As a single-sample metric, representation size can be used for diagnostics, confidence estimation, and outlier analysis without requiring a large batch of samples.
From a computational neuroscience perspective, it provides a unified language for illusions and mental imagery: representational content depends on what can be read out by the downstream system.

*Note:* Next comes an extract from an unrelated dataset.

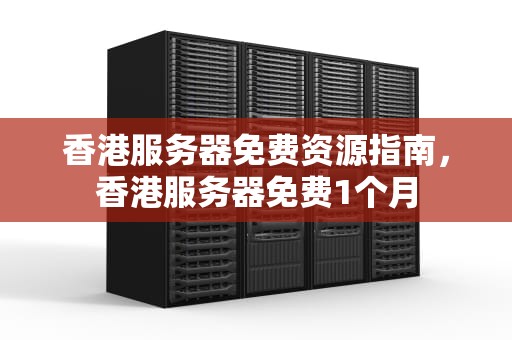 香港服务器免费资源指南，香港服务器免费1个月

Limitations & Future Work¶

Readout representation is heavily dependent on the decoder \(\pi\). If \(\pi\) uses strong priors (e.g., GANs), the readout content might stem from the prior rather than the feature.
While the study shows correlations with performance, it has not yet systematically proven that representation size can predict generalization or neural behavior across all contexts.
Feature perturbation is straightforward in artificial networks but difficult in biological brains. Future work may need to use trial-to-trial variability or closed-loop stimulation as substitutes.
The differences in language models are not fully explained. Weak recovery in certain models might be due to autoregressive training, LayerNorm geometry, or optimization difficulties.

vs Hierarchical-Causal View: Instead of how inputs cause features, it emphasizes what signals can be recovered from features, better handling misrepresentations.
vs Feature Inversion: Extends inversion beyond visualization to measure the "size" of the representational set through active perturbation.
vs RSA / CKA / Manifold Analysis: While these methods compare sample sets or distributions, \(r_x\) focuses on the width of the recoverable region for a single input.
vs Model Metamers: Metamers show different inputs can lead to the same representation. Readout representation shows different features can lead to the same input recovery.

Rating¶

Novelty: ⭐⭐⭐⭐⭐ Connects philosophy and neuro-decoding to a quantifiable metric.
Experimental Thoroughness: ⭐⭐⭐⭐☆ Covers various modalities and models, though downstream predictive value is preliminary.
Writing Quality: ⭐⭐⭐⭐☆ Clear logic; conceptual definitions are rigorous.
Value: ⭐⭐⭐⭐⭐ Encourages a fundamental rethink of "what is a neural code."